18 April 2020   13:15 Diperbarui: 18 April 2020   15:41 172
+
Laporkan Konten
Laporkan Akun
Kompasiana adalah platform blog. Konten ini menjadi tanggung jawab bloger dan tidak mewakili pandangan redaksi Kompas.
Lihat foto
travellovesmeblog.com

Bulan ramadhan tinggal menghitung hari saja, bagi umat muslim bulan ramadhan adalah bulan keberkahan yang harus disyukuri setiap tahun. Namun, bulan ramadhan tahun ini akan sangat berbeda dengan tahun-tahun sebelumnya. Ya, masyarakat Indonesia umat muslim khususnya akan melewati ramadhan tahun ini dengan sangat berat karena merebaknya virus corona (Covid-19). Hal ini pun juga akan berpengaruh pada aktivitas kegiatan selama bulan ramadhan, tidak terkecuali aktivitas mudik lebaran.

Secara harfiah mudik seringkali diartikan "pulang kampung". Mudik yang terjadi di Indonesia dimulai sejak adanya arus mobilitas sosial pada tahun sekitar 1970-an karena ekonomi yang mulai berkembang dan berfokus di wilayah kota-kota besar seperti Jakarta, Surabaya, dan beberapa kota lainnya. 

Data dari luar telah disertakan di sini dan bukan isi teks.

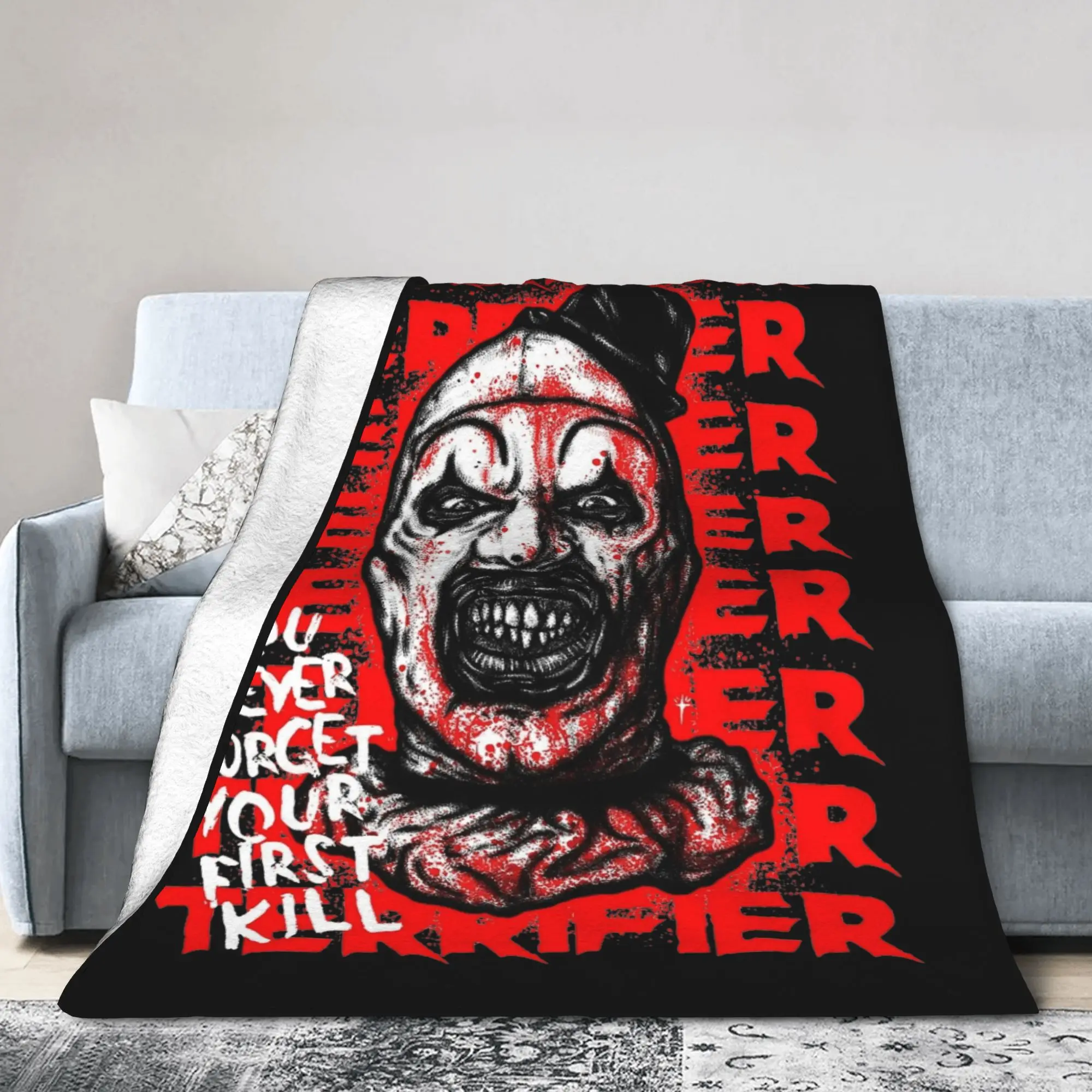 Terrifier Art the Clown First Kill Blankets Fleece Autumn   Multifunction Ultra-Soft Throw Blanket for Bed Travel Bedspread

Semakin besarnya dinamika sosial budaya, ekonomi, dan politik, wilayah kota-kota besar seakan mampu menarik energi penduduk desa untuk melakukan urbanisasi (perpindahan) sehingga mengalami pertambahan penduduk yang besar. Sehingga aktivitas mudik dijadikan ajang untuk kembali pulang bertemu dengan keluarga dan sanak saudara.

Kegiatan mudik atau pulang kampung yang terus dilakukan setiap tahunnya telah menjadi sebuah realitas budaya bagi masyarakat Indonesia. Tidak hanya umat islam, namun pada umat beragama lain mudik menjadi hal yang paling dinanti setiap tahunnya. Baik sebagai seorang pekerja ataupun seorang pelajar. 

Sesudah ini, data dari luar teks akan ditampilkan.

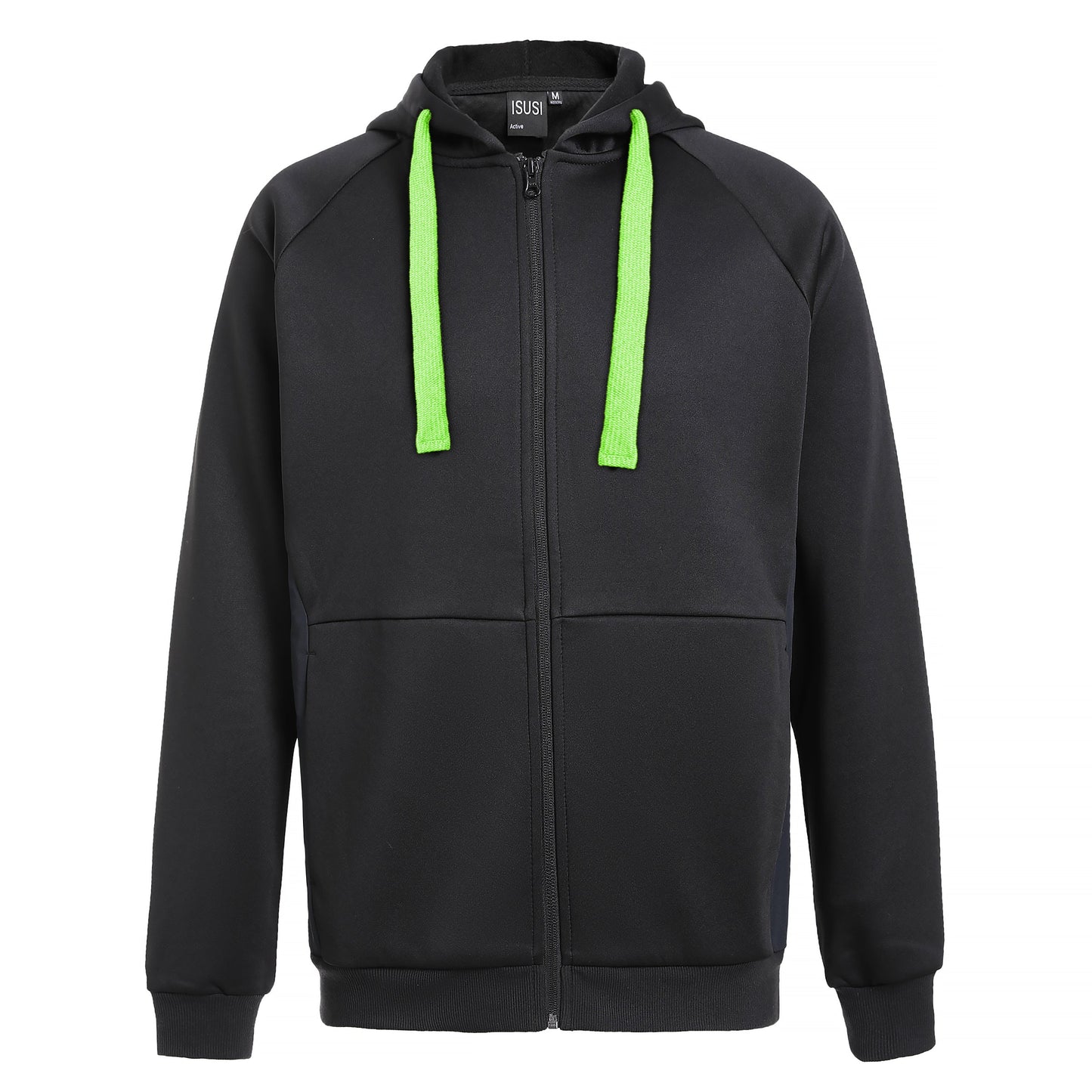 "Assorted zip hoodie in Black green front for custom logo printing – NS Promo sports uniform"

Hal ini dikarenakan jika dilihat konteks rasionalitas para "pemudik", motif seseorang melakukan mudik didasarkan pada konteks tradisonal. Maksudnya, para pemudik mengisi kembali sifat-sifat primordialisme (dasar) karena sudah terkikis akibat modernisasi yang ada di kota. Sehingga, harapannya mampu memberikan rasa aman dan nyaman di diri seorang pemudik.

Karena sifatnya primordial, mudik sarat dengan aspek kultural yang memiliki ritual sosial sebagai sumber kehidupan yang selama ini menopang kehidupan pribadi, keluarga, dan masyarakat luas. Suasana dan idiom seperti takbiran, bersalamsalaman, sungkeman, halal bihalal, ziarah kubur menjelang lebaran dan menjelang bulan ramadhan (nyadran), jamuan lebaran, tradisi memberi sangu kepada anak kecil, dan sebagainya. Di balik suasana dan idiom tersebut, mudik juga memiliki sifat kolektif yang berarti mengutamakan kepentingan kelompok daripada individu. Sifat kolektif ini berkaitan erat dengan keluarga.

Namun, bagai petir di siang bolong. Mudik tahun ini menjadi hal terberat bagi para perantau di kota-kota besar. Merebaknya pandemi Covid-19 membuat para calon pemudik terancam untuk menunda kepulangannya. Hal ini tidak lepas dari anjuran dan imbauan pemerintah bagi para perantau di seluruh Indonesia untuk tidak mudik yang bertujuan untuk memutus rantai penyebaran Covid-19. 

Jika dilihat beberapa tahun kebelakang pemudik selalu menggunakan transportasi umum sebagai armada, seperti bus, kereta api, kapal laut, pesawat dan transportasi umum lainnya. Meskipun begitu, pemerintah melalui jajaran terkait juga mengambil langkah-langkah untuk melakukan skenario menghadapi arus mudik. Mulai dari adanya penambahan dan perubahan libur, penanganan di tingkat daerah, pemberian dana bantuan bagi pekerja informal dan hingga langkah strategis lainnya.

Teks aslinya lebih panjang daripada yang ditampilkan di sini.